(Records excerpted from a collection)
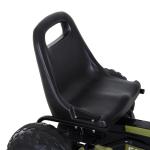 Sportig Gokart Pedalfordon med Handbroms och Ergonomisk Sits Säker Leksak för Aktiva Barn Grön 99 X 65 X 56 Cm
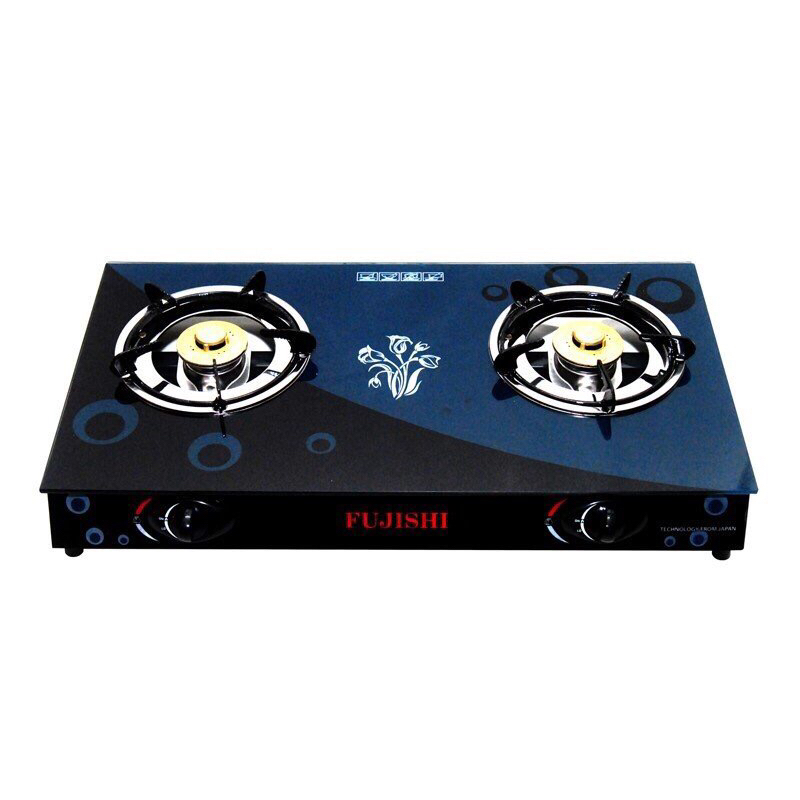 Bếp gas chén nhôm kính cường lực Fujishi FJ-H10-N  - Tiết kiệm gas, mặt kính siêu bền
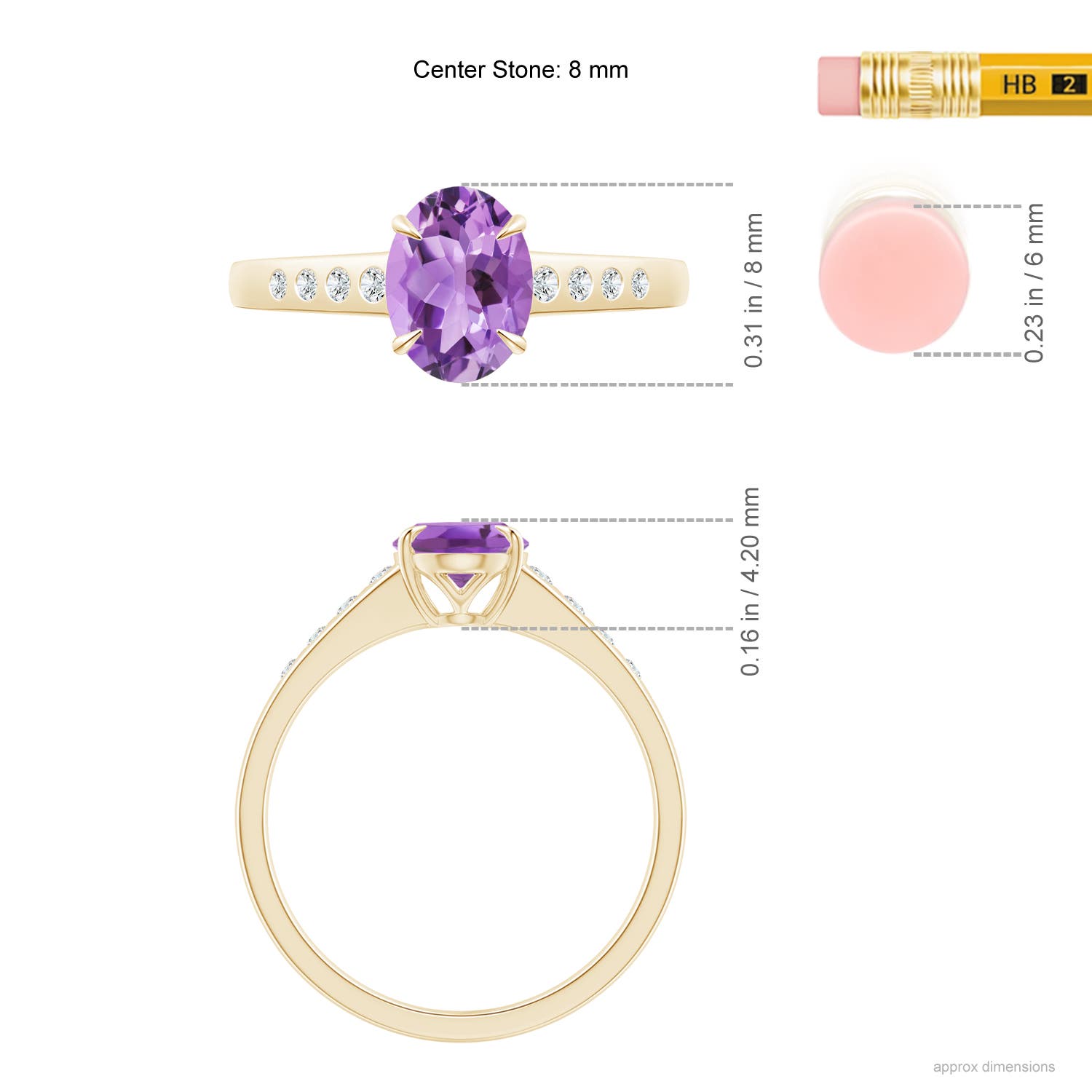 A - Amethyst / 1.31 CT / 14 KT Yellow Gold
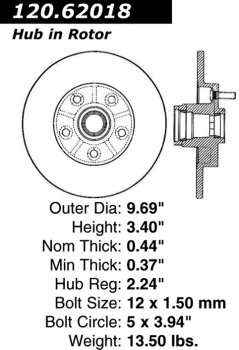 Передний тормозной диск - с перфорацией и насечками PONTIAC PDS.62018 Выпуска 1984-1987 года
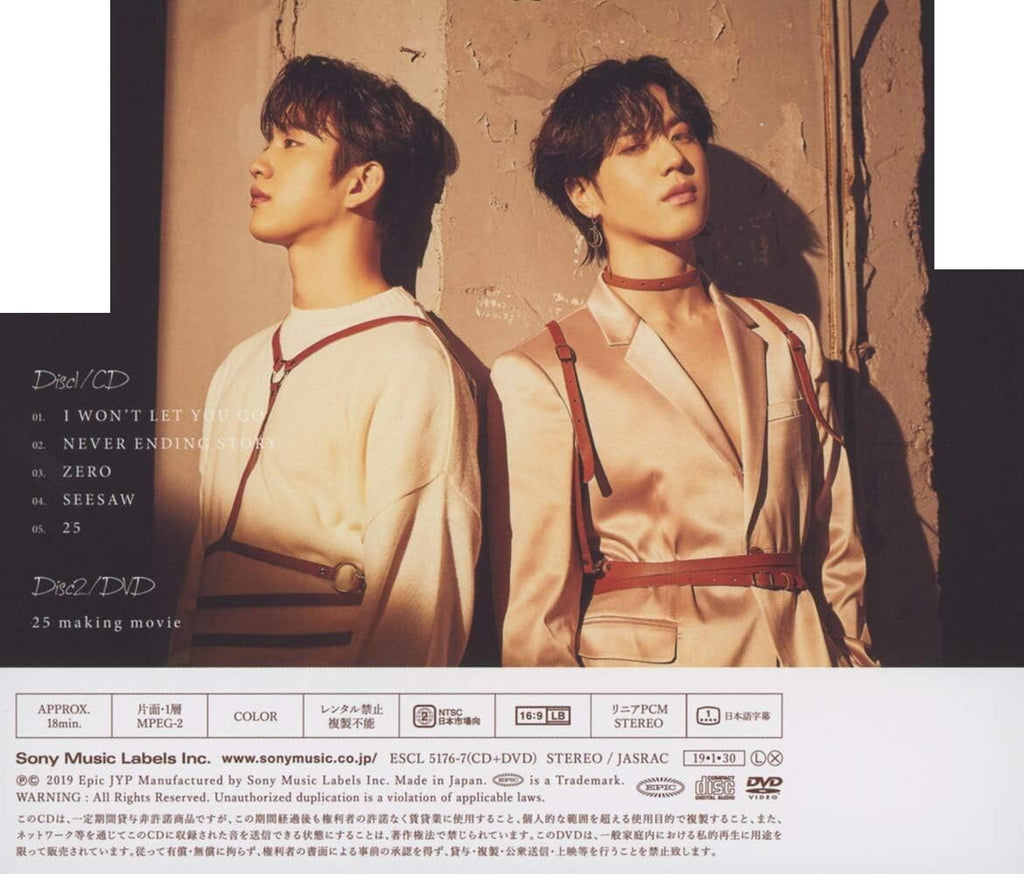 New GOT7 I WON’T LET YOU GO First Limited Edition Type D CD DVD Booklet Card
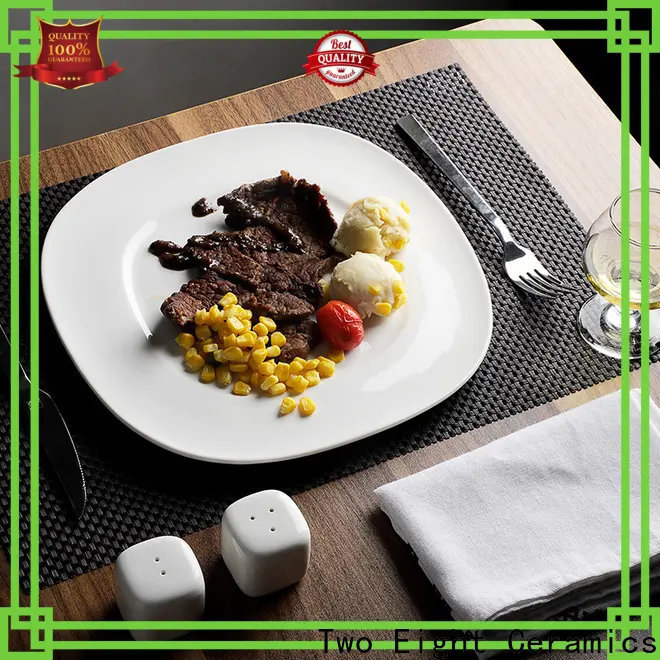 Two Eight Latest square ceramic plates factory for dinner 1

**Problem to work on:**
Word for word, output the lines from the line bearing "New GOT7 I WON’T" through the end of the records above, and only those, without the pictures.

**Solution to this problem:**
 New GOT7 I WON’T LET YOU GO First Limited Edition Type D CD DVD Booklet Card
 Two Eight Latest square ceramic plates factory for dinner 1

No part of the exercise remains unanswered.